Arka Chakraborty

and 3 more

Probabilistic/stochastic computations form the backbone of autonomous systems and classifiers. Recently, biomedical applications of probabilistic computing such as hyperdimensional computing for DNA sequencing, Bayesian networks for disease diagnosis, etc. have attracted significant attention owing to their high energy efficiency. Bayesian inference is  widely used for decision making based on independent (often conflicting) sources of information/evidence. A cascaded chain or tree structure of asynchronous circuit elements known as Muller C-Elements can effectively implement Bayesian inference. Such circuits utilize stochastic bit streams to encode input probabilities which enhances their robustness and fault tolerance. However, the CMOS implementation of Muller C-Element are bulky and energy hungry which restricts their widespread application in resource constrained IoT and mobile devices.
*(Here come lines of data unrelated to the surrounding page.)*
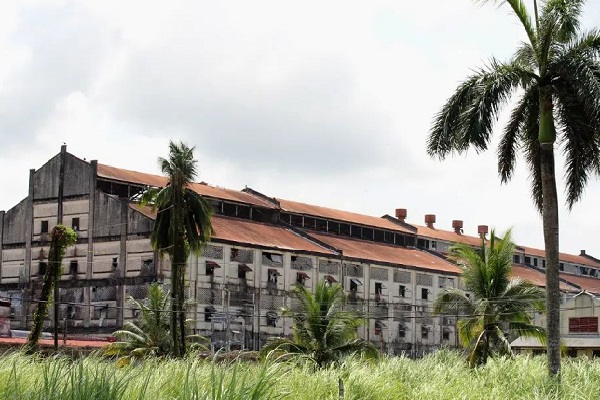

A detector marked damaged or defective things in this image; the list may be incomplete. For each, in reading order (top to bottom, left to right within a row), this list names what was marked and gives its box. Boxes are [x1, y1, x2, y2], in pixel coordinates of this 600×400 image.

rusty metal roof [98, 162, 276, 209]
rusty metal roof [211, 217, 336, 255]
rusty metal roof [276, 198, 412, 233]
broken roof section [276, 198, 412, 236]
rusty metal roof [308, 231, 462, 276]
broken roof section [308, 231, 462, 276]
rusty metal roof [412, 225, 482, 247]
rusty metal roof [510, 266, 576, 290]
To enable Bayesian inference based decision making in IoT devices such as UAVs, robots, space rovers, etc, for the first time, we propose a highly compact and energy-efficient implementation of Muller C-Element utilizing a single Ferroelectric FET. The proposed implementation exploits the unique drain-erase, program inhibit and drain inhibit characteristics of FeFETs to encode the output as the polarization state of the ferroelectric layer. Our extensive investigation utilizing an in-house developed experimentally calibrated compact model of FeFET reveals that the proposed C-Element consumes an ultra-low power of 1.07 fW. We also propose a novel read circuitry for realising a Bayesian inference engine by cascading a network of proposed FeFET based C-Elements for practical applications. Furthermore, for the first time, we analyze the impact of cross-correlation between the stochastic input bit streams on the accuracy of the C-Element based Bayesian inference implementations. For proof of concept demonstration, we utilize the proposed FeFET based Muller C-Element for performing breast cancer diagnosis utilizing Wisconsin data-set.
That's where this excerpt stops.